Au ciné-cité les Halles

Quand ?

Samedi, à 16h30

Avec qui ?

Seul

Et alors ?

Avec presque huit années écoulées entre son précédent film et celui-ci, Hélène Angel fait preuve d’une rareté certaine. Malheureusement, ce phénomène n’est probablement pas simplement volontaire mais trouve aussi ses raisons dans la singularité radicale des sujets qu’elle décide de développer. Rencontre avec le Dragon, le précédent long-métrage en question, était un récit d’aventures trouble et anti-spectaculaire prenant place au Moyen-Age – et fut un four au box-office. L’histoire de Propriété interdite se déroule au présent, mais n’en est pas pour autant moins riche en ingrédients propres à rendre le film très fragile commercialement parlant. L’objectif de la réalisatrice est de créer un hybride entre le drame en chambre français et le slasher sans merci à l’américaine. Bien que séparés en surface par un espace aussi large que l’Océan Atlantique, les deux genres ont dans leurs sous-sols respectifs une racine commune puisque l’un comme l’autre intègrent volontiers à leurs intrigues des références à l’actualité politique de leur pays.

[D'inévitables traces de spoilers ont été repérées dans la suite du texte. Pour ceux qui veulent découvrir le film sans rien en savoir – chose que je ne peux qu'encourager –, Propriété interdite est en trois mots : violent, perturbant, marquant. Et je vous retrouve ici même après la séance]

Dans Propriété interdite, cet élément d’actualité se rattache à la situation des migrants clandestins. C’est un de ces sans-papiers qui constitue la charnière autour de laquelle la première moitié du récit s’articule, et effectue une autre hybridation entre cette fois-ci la réalité et le fantasme. D’ordinaire, un film d’horreur se rattache à l’une ou à l’autre pour faire son effet : réalité de la présence d’un tueur monstrueux et acharné dans les slashers, fantasme de peurs chimériques mais incontrôlables (créées par l’obscurité, le bruit, etc.) dans des œuvres faisant le choix d’une terreur plus intime, mentale. Angel pour sa part ne choisit pas entre les deux voies, mais les juxtapose à l’écran. Il y a dans Propriété interdite une part de fantasme, via la paranoïa grandissante des deux personnages principaux Claire et Benoît à mesure que se multiplient les phénomènes qu’ils ne peuvent s’expliquer dans la maison délabrée (héritée du frère suicidé de Claire) où ils habitent le temps de la retaper en vue de la revendre. Ces phénomènes – bruits et ombres nocturnes, nourriture qui disparaît, découverte d’un tunnel reliant la cave au jardin – sont le fait d’une présence bien plus concrète que celle d’un esprit : un sans-papier, donc, appartenant à un groupe survivant dans les bois voisins.
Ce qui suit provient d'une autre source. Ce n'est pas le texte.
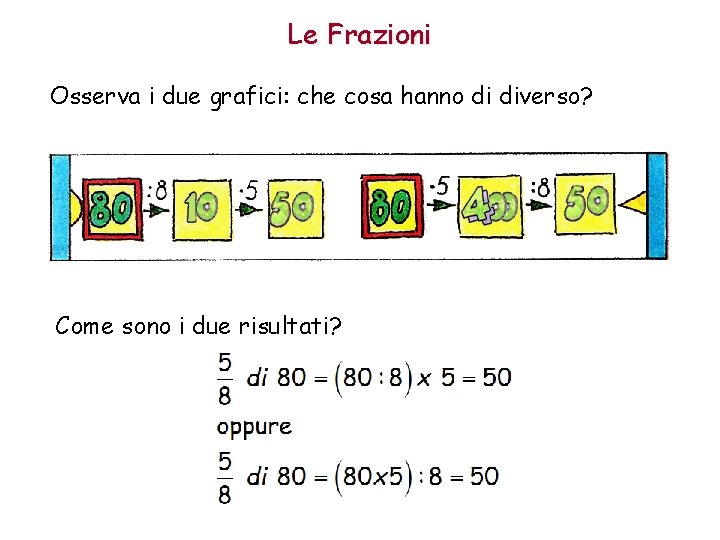 Le Frazioni Osserva i due grafici: che cosa hanno di diverso? Come sono i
Le temps que cette explication terre-à-terre soit révélée, les dysfonctionnements du couple ont eu tout loisir de prospérer sur la base de la psychose ambiante. Claire présentait avant même de s’installer dans la maison des signes d’instabilité mentale (boulimie, incapacité à admettre définitivement l’acte de son frère) qui ne font bien sûr qu’empirer. En réponse à quoi Benoît, nanti tout ce qu’il y a de plus conventionnel – banquier, obsédé par la profit matériel et le fonctionnement ordonné des choses et des gens –, devient fou de voir son épouse s’enfoncer dans la folie. Tous deux en sont rendus au point de ne plus éprouver que de la détestation envers l’autre, et une irritabilité prête elle aussi à exploser vis-à-vis du reste du monde. L’axe choisi par Angel pour suivre cette descente aux enfers est remarquable, car assez vite nous savons pour notre part qu’elle repose essentiellement sur une interprétation biaisée des faits. Quand la bulle du fantasme éclate finalement pour tout le monde, il est trop tard ; la démence est ancrée trop profondément en Claire comme en Benoît. Et elle va rendre la réalité invivable.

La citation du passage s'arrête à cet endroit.